(Material to process begins)

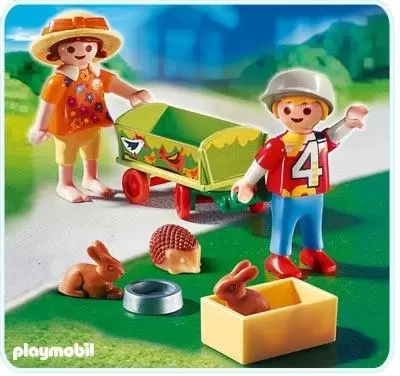 Playmobil dans la ville - Enfants avec chariot et petits animaux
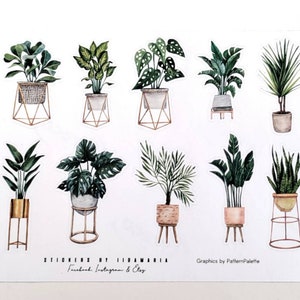 Potted Plant Stickers, plant pot home decoration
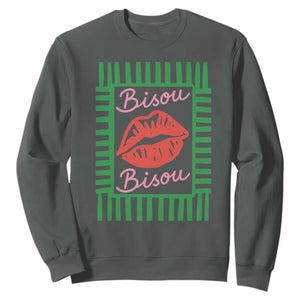 French Bisous Paris Vacation Retro Summer Vibes Sweatshirt TS11 Dark Heather Print Your Wear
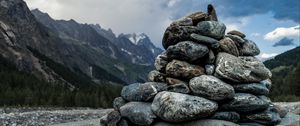 Preview wallpaper stones, shape, sky, clouds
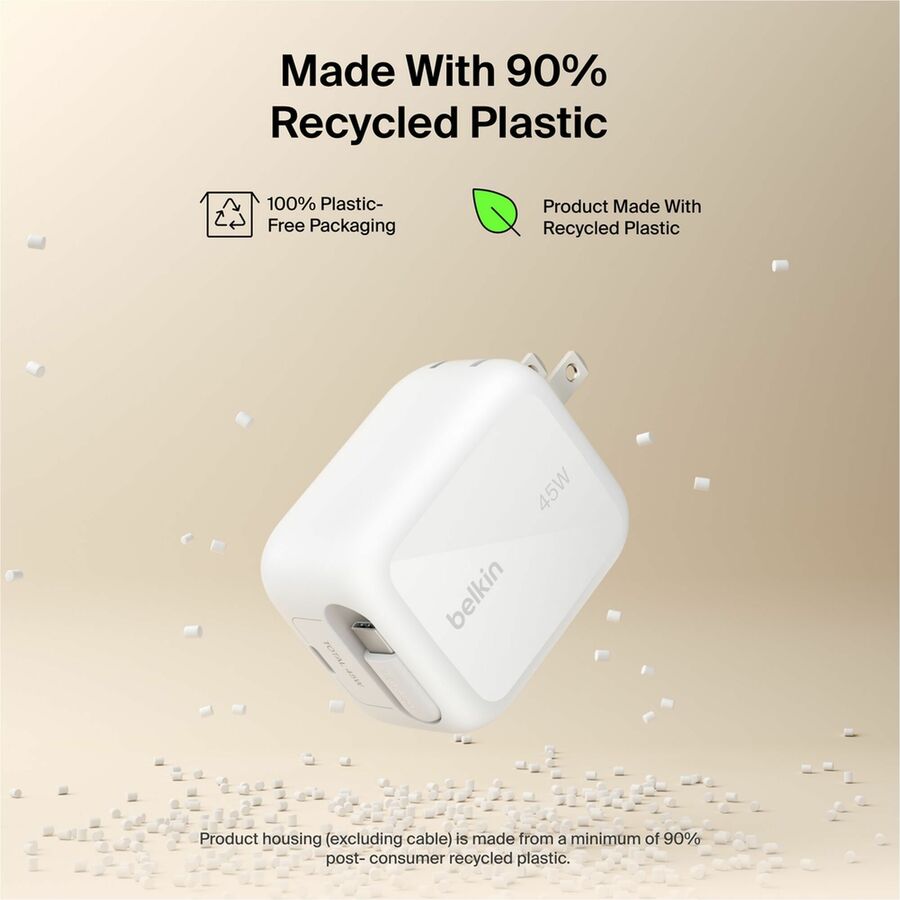 Belkin UltraCharge Retractable GaN Wall Charger 45W, White - WCH023dqWH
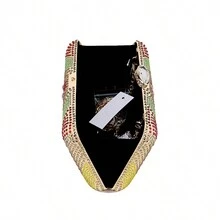 Women's Diamond Decor Evening Clutch - Gold - View 3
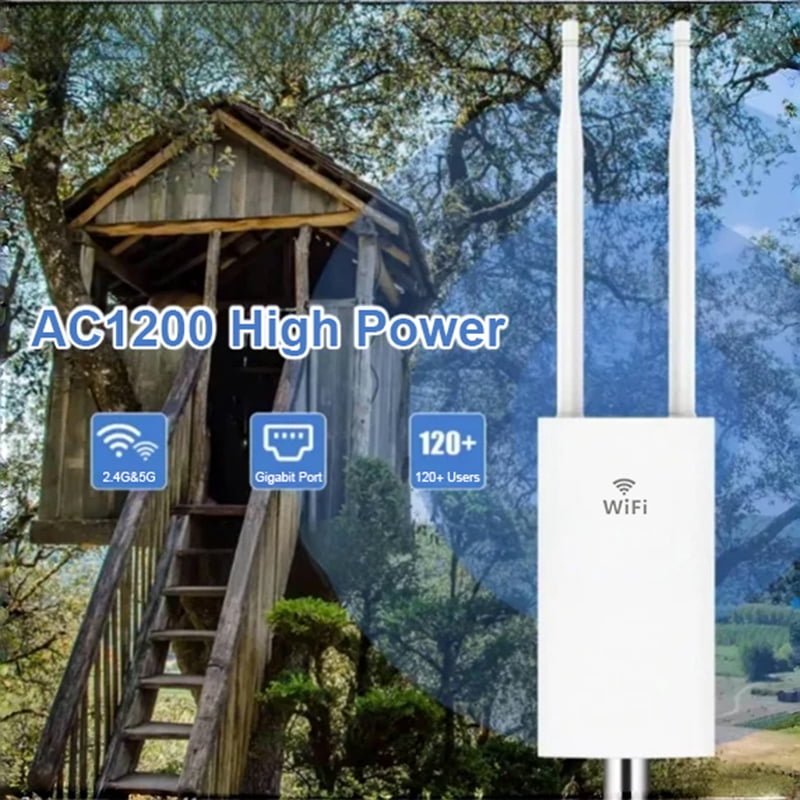 Wonlink Outdoor WiFi Extender Access Point, POE Dual-Band 1200Mbps Gigabit Long-Range WiFi Repeater Signal Booster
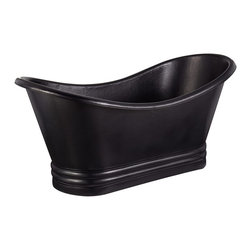 71" RAYE ANTIQUE BLACK HAMMERED COPPER DOUBLE-SLIPPER PEDESTAL TUB - Bathtubs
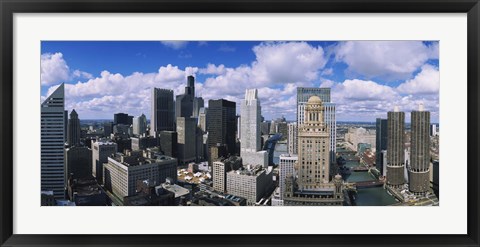 Framed Aerial view of a river, Chicago River, Chicago, Illinois, USA Print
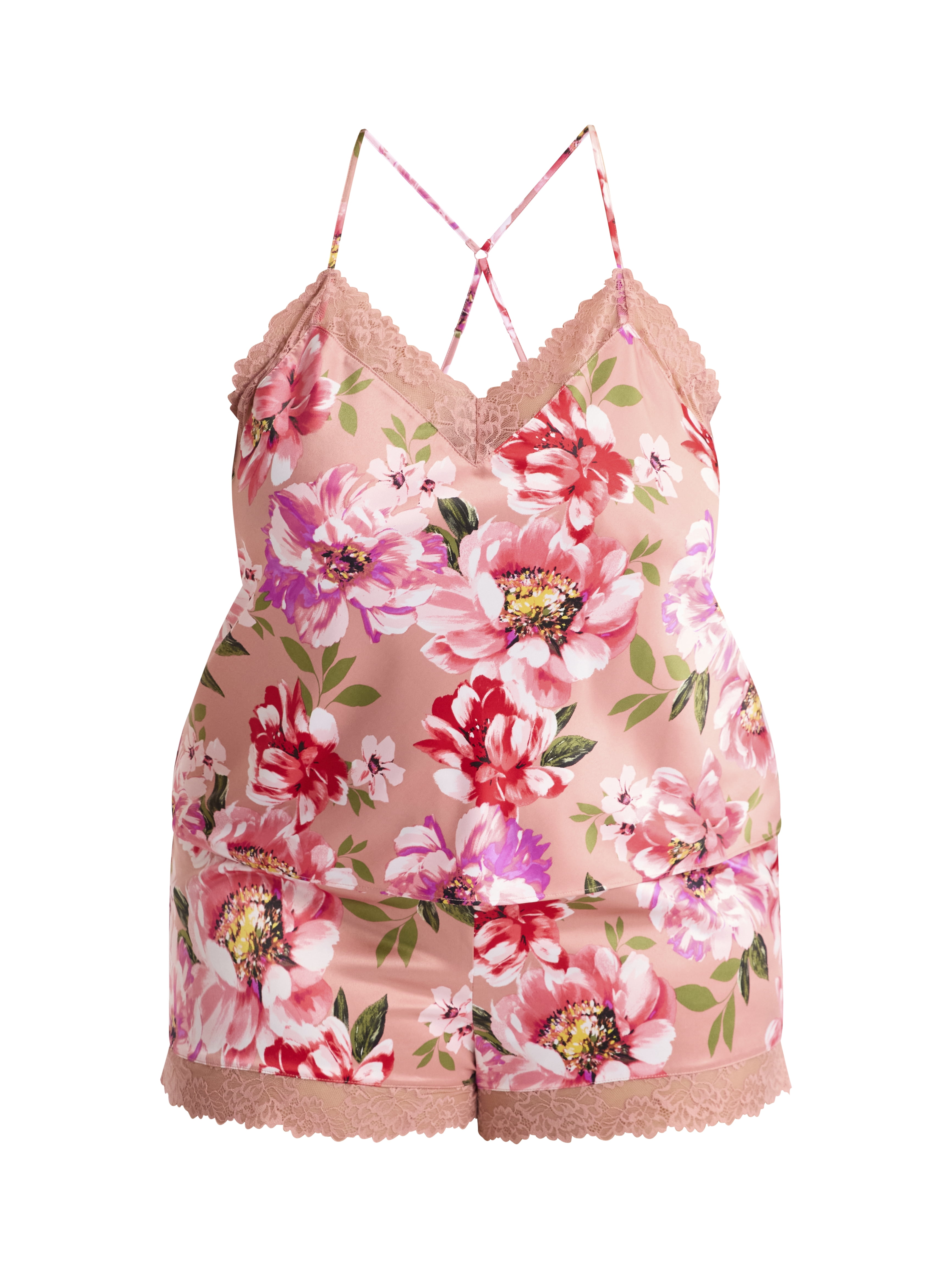 Joyspun Women’s and Women’s Plus Satin Cami and Shorts Pajama Set with Lace Trim, Sizes XS to 3X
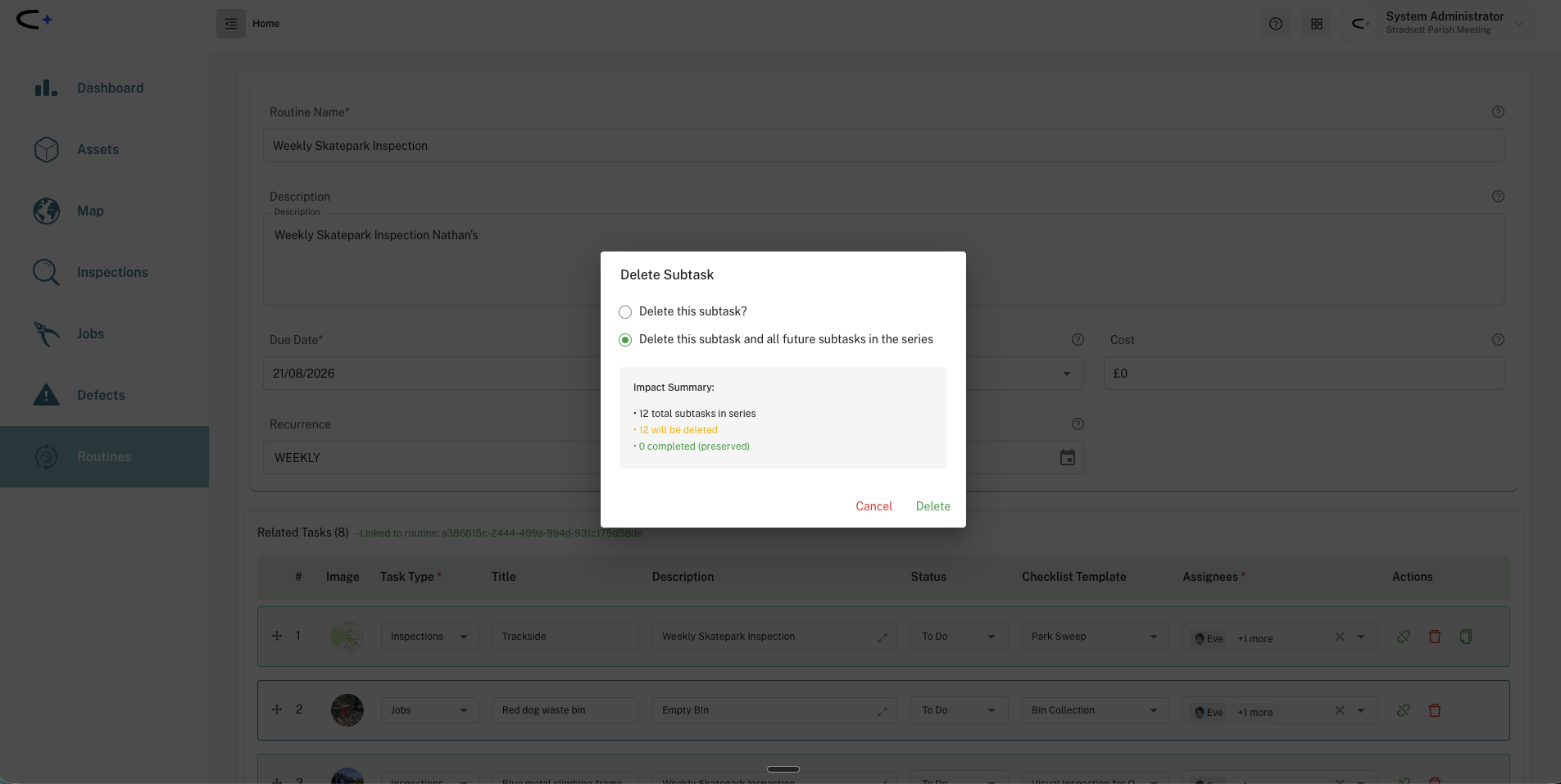 The Delete Subtask dialog on the Weekly Skatepark Inspection routine, with 'Delete this subtask and all future subtasks in the series' selected and an Impact Summary reading '12 total subtasks in series, 12 will be deleted, 0 completed (preserved)', above Cancel and Delete buttons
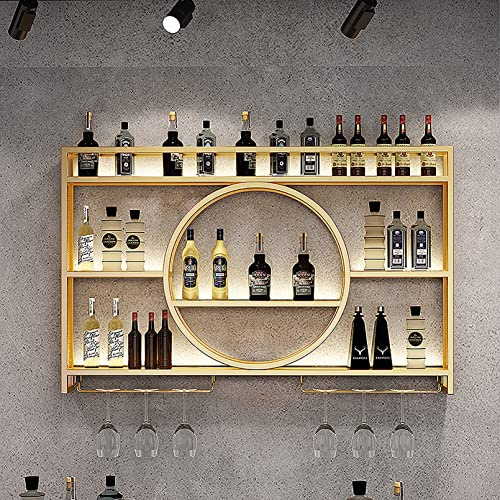 Porta Bottiglie Da Vino Portabottiglie Da Parete Con Ripiano Espositivo, Mensola Per Vino Industriale Calice E Portabicchieri, Vetrinetta Pensile Da Parete, Espositore Creativo Per Vino Da Parete. ( C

(Material to process ends)

**Task directions**
Restate all the material verbatim; omit every picture.

**Response to the task**
 Playmobil dans la ville - Enfants avec chariot et petits animaux
 Potted Plant Stickers, plant pot home decoration
 French Bisous Paris Vacation Retro Summer Vibes Sweatshirt TS11 Dark Heather Print Your Wear
 Preview wallpaper stones, shape, sky, clouds
 Belkin UltraCharge Retractable GaN Wall Charger 45W, White - WCH023dqWH
 Women's Diamond Decor Evening Clutch - Gold - View 3
 Wonlink Outdoor WiFi Extender Access Point, POE Dual-Band 1200Mbps Gigabit Long-Range WiFi Repeater Signal Booster
 71" RAYE ANTIQUE BLACK HAMMERED COPPER DOUBLE-SLIPPER PEDESTAL TUB - Bathtubs
 Framed Aerial view of a river, Chicago River, Chicago, Illinois, USA Print
 Joyspun Women’s and Women’s Plus Satin Cami and Shorts Pajama Set with Lace Trim, Sizes XS to 3X
 The Delete Subtask dialog on the Weekly Skatepark Inspection routine, with 'Delete this subtask and all future subtasks in the series' selected and an Impact Summary reading '12 total subtasks in series, 12 will be deleted, 0 completed (preserved)', above Cancel and Delete buttons
 Porta Bottiglie Da Vino Portabottiglie Da Parete Con Ripiano Espositivo, Mensola Per Vino Industriale Calice E Portabicchieri, Vetrinetta Pensile Da Parete, Espositore Creativo Per Vino Da Parete. ( C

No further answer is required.